Aldous Harding - Designer
4AD
Aldous Harding heeft altijd al iets gehad met hoofddeksels, maar het meisje met de pet op de cover van haar debuutplaat is ondertussen een “grande dame” geworden.
Bij 4AD noemen ze ‘Designer’ haar tweede album na ‘Party’, maar aan het staartje van 2014 bracht Aldous Harding al een naamloos album uit via Lyttelton Records (recensie hier). Daarop prijkte Hanna Claynails, zoals Harding echt heet, met een petje van een drankcentrum op het hoofd. Tegenwoordig kiest ze voor exuberante hoofddeksels die op Waregem Koerse niet zouden misstaan. Het zegt ook iets over haar muziek.
Die klinkt op ‘Designer’ nog altijd even verfijnd en raadselachtig als op het debuut of als op ‘Party’ (lees ook die recensie hier), de plaat die ze drie jaar geleden maakte met producer John Parish. Ook voor 'Designer' trok ze trouwens terug naar Wales en Bristol met in haar koffer een pak songs die ze op haar schier eindeloze tournee schreef.

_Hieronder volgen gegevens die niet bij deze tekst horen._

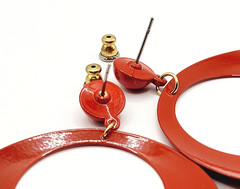 Large Metal Hoop Red Black White Enamel Hand Painted Pierced Vintage Earrings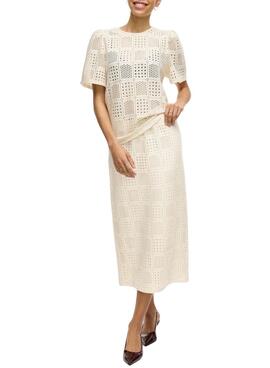 Haut Vila Vinovira beige perforé pour femme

Ze kwamen terug tevoorschijn uit de studio met een album met amper negen songs op, maar waar dan ook geen enkele misser of vuller tussenstaat. En wat meteen opvalt vanaf de eerste gitaarslag van opener Fixture Picture: nooit klonk Harding meer zelfverzekerd. “I've never burned brighter” zo zingt ze zelf in deze track die door de viool van Clare Mactaggart naar een hemels niveau wordt getild.
De muziek is toegankelijker, zelfs gelukkiger dan voorheen, in de teksten sluipen regelmatig verwijzingen naar haar kindertijd (het eerste woord van de plaat is haar troetelnaam ‘”Hannie”) en de luxueuze arrangementen zijn luchtig en vloeiend. Dat was al te merken in single The Barrel met die lichte pianotoets en de glijdende sax, maar ook de titeltrack is een voorbeeld van hoe Harding erin slaagt om poëtische teksten (“Tears water the flowers of need”) in te pakken in perfecte arrangementen. Een marimba huppelt mee met de verzen en, als de sfeer dan plots keert in de outro, duikt daar een weemoedige houtblazer op.

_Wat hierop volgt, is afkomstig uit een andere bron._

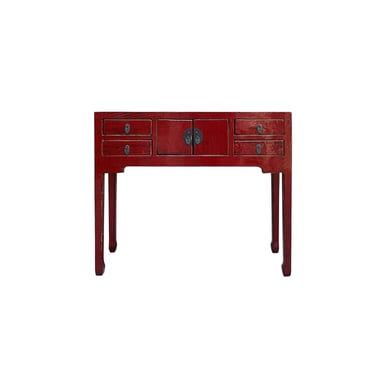 Distressed Oriental Brick Red Slim Narrow Foyer Console Side Table ws4437E 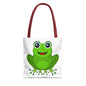 Cute Frog Tote Bag, Eco-Friendly Shopping Bag, Fun Gift for Kids, Frog Lovers, Bag for Nature Outings, Unique Frog Design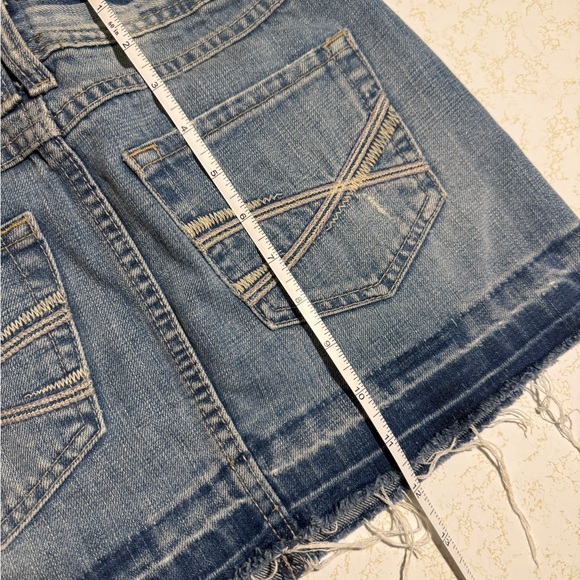 Aeropostale Distressed Raw Hem Denim Skirt - Picture 11 of 13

In Zoo Eyes doen fluiten het effectieve werk, terwijl Treasure niets meer nodig heeft dan een piano, een akoestische gitaar en occasioneel enige achtergrondzang van Huw Evans (H. Hawkline) en/of Stephen Black (Black Bamboo). Hoogtepunt van muzikale lichtheid is The Barrel dat u wellicht al kent als single, al zitten ook daar in de tekst de nodige weerhaakjes. En stilaan daagt het ons dat de muziek de ware aard van de plaat verhult zoals de flamboyante hoeden Harding verstoppen.
De sfeer slaat helemaal om met het naakte Damn, waarin Harding haar diepste buikstem laat trillen en de pianoloop ook de linkerkant van de ivoren toetsen laat horen. De song vertelt iets over de relatie tussen “Hannie” en haar moeder, maar wat precies, blijft zoals steeds bij Harding een enigma.
Weight Of The Planets probeert met een elektronicatoets (de enige op de plaat) en een tamboerijn nog even de schijn op te houden, maar de titel doet geen moeite om de ware lading te verhullen: “I've got the weight of the planets, I'm lost”, klinkt het. En ook de twee afsluitende tracks eindigen in desolate tristesse. Heaven Is Empty kennen de fans al van de Party-tournee en lijkt te handelen over de dood als definitief einde en geeft een droeftoeter als Camus gelijk.
“I wish it was white, I wish it was white / But it needs blood for the new erection / I try to be light, stop the low talk”, zingt Harding en ze beseft dus zelf ook dat ze er niet in geslaagd is een echt vrolijke plaat te maken. Maar wat zou dat, als het niveau van haar kunst zo hoog is?